L 12 AL 4589/18 NZB

Land
Baden-Württemberg
Sozialgericht
LSG Baden-Württemberg
Sachgebiet
Arbeitslosenversicherung
Abteilung
12
1. Instanz
SG Konstanz (BWB)
Aktenzeichen
S 7 AL 291/18
Datum
2. Instanz
LSG Baden-Württemberg
Aktenzeichen
L 12 AL 4589/18 NZB
Datum
3. Instanz
Bundessozialgericht
Aktenzeichen
-
Datum
-
Kategorie
Beschluss
Die Beschwerde der Klägerin gegen die Nichtzulassung der Berufung im Urteil des Sozialgerichts Konstanz vom 22.11.2018 wird zurückgewiesen.
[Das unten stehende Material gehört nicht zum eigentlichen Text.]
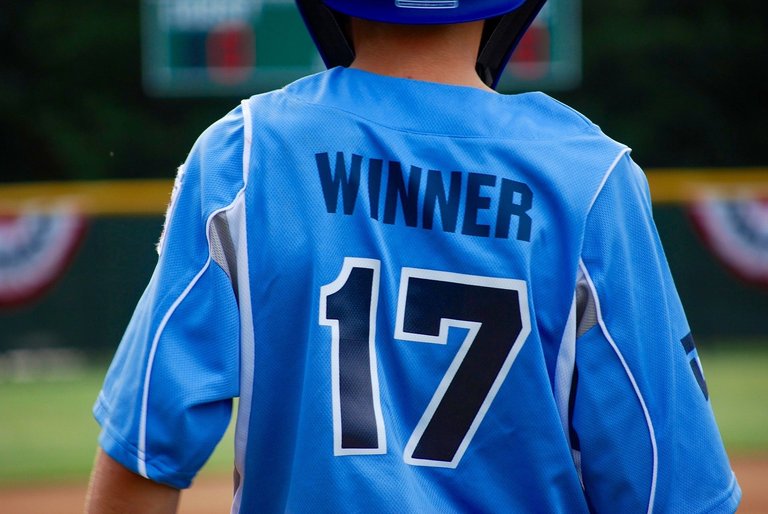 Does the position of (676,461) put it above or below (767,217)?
above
Außergerichtliche Kosten sind nicht zu erstatten.

Gründe:

Die Beschwerde der Klägerin gegen die Nichtzulassung der Berufung im Urteil des Sozialgerichts Konstanz (SG) vom 22.11.2018 ist zulässig (vgl. § 145 Abs. 1 Sozialgerichtsgesetz [SGG]), sie ist jedoch nicht begründet; die Voraussetzungen für eine Zulassung der Berufung liegen nicht vor.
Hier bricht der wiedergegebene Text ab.